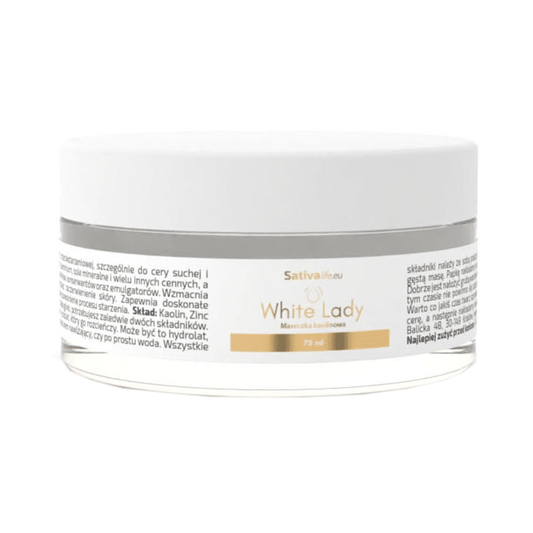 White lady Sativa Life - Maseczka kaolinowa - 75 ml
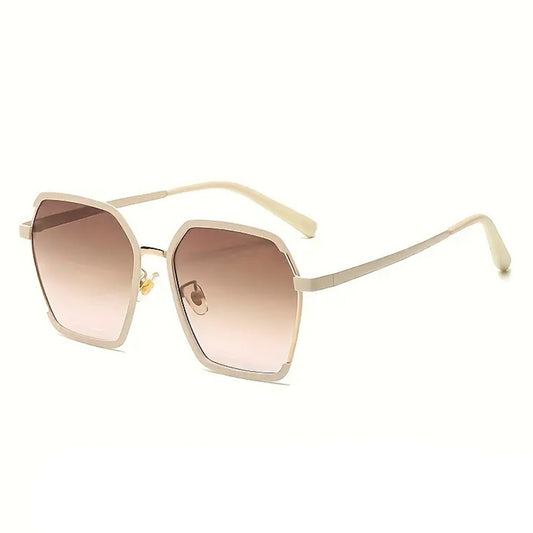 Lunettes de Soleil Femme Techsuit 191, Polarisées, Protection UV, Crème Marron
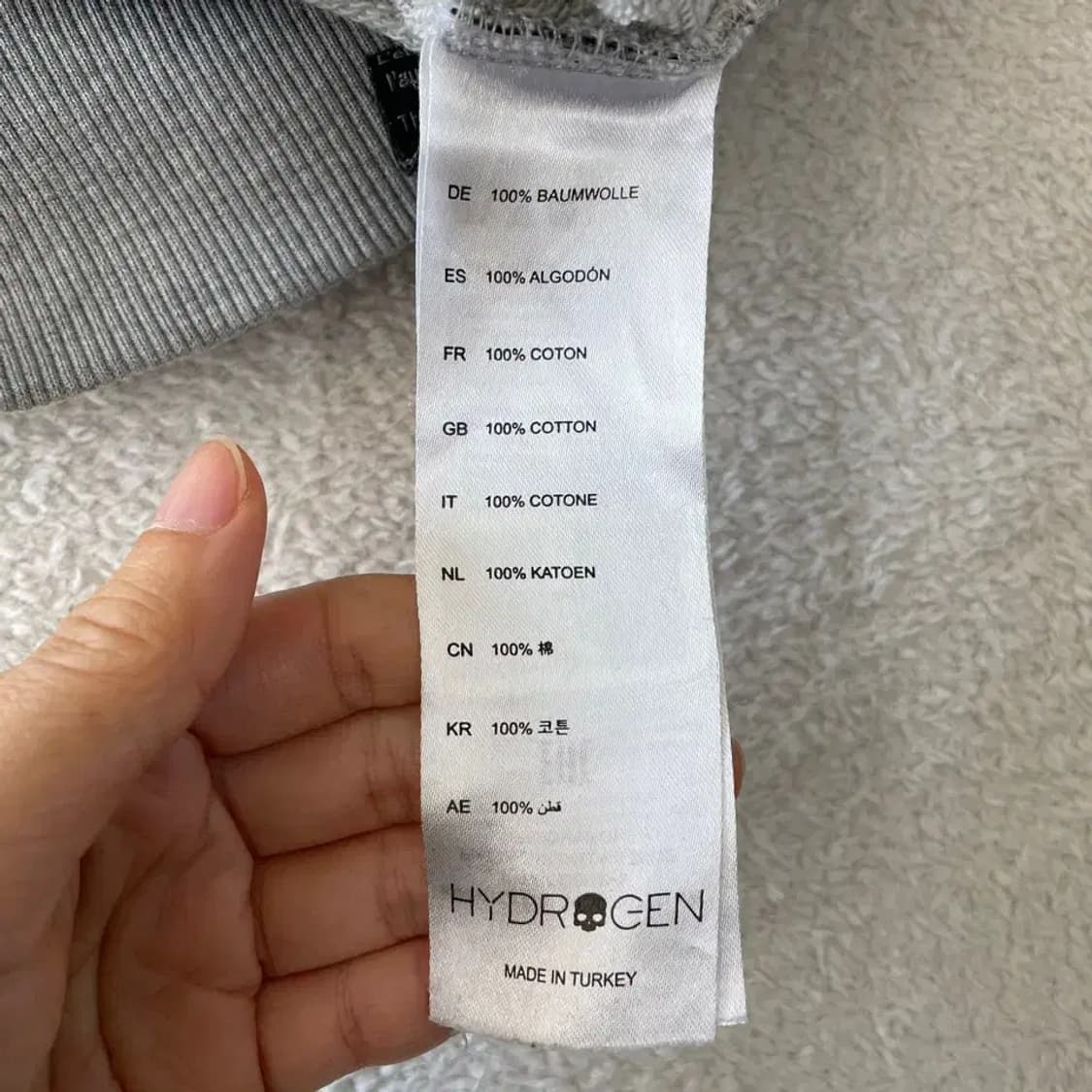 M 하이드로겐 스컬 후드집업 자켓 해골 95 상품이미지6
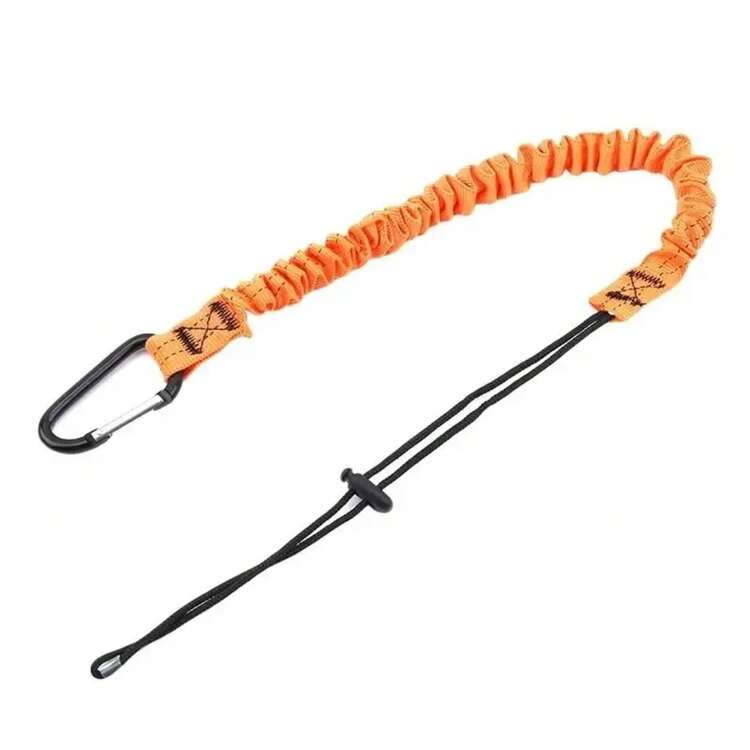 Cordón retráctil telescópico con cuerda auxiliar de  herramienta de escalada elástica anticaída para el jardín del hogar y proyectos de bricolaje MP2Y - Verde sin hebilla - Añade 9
----
▶ Task directions
Give back the listing exactly, with the pictures removed.

▶ Reply to the task
 White lady Sativa Life - Maseczka kaolinowa - 75 ml
 Lunettes de Soleil Femme Techsuit 191, Polarisées, Protection UV, Crème Marron
 M 하이드로겐 스컬 후드집업 자켓 해골 95 상품이미지6
 Cordón retráctil telescópico con cuerda auxiliar de  herramienta de escalada elástica anticaída para el jardín del hogar y proyectos de bricolaje MP2Y - Verde sin hebilla - Añade 9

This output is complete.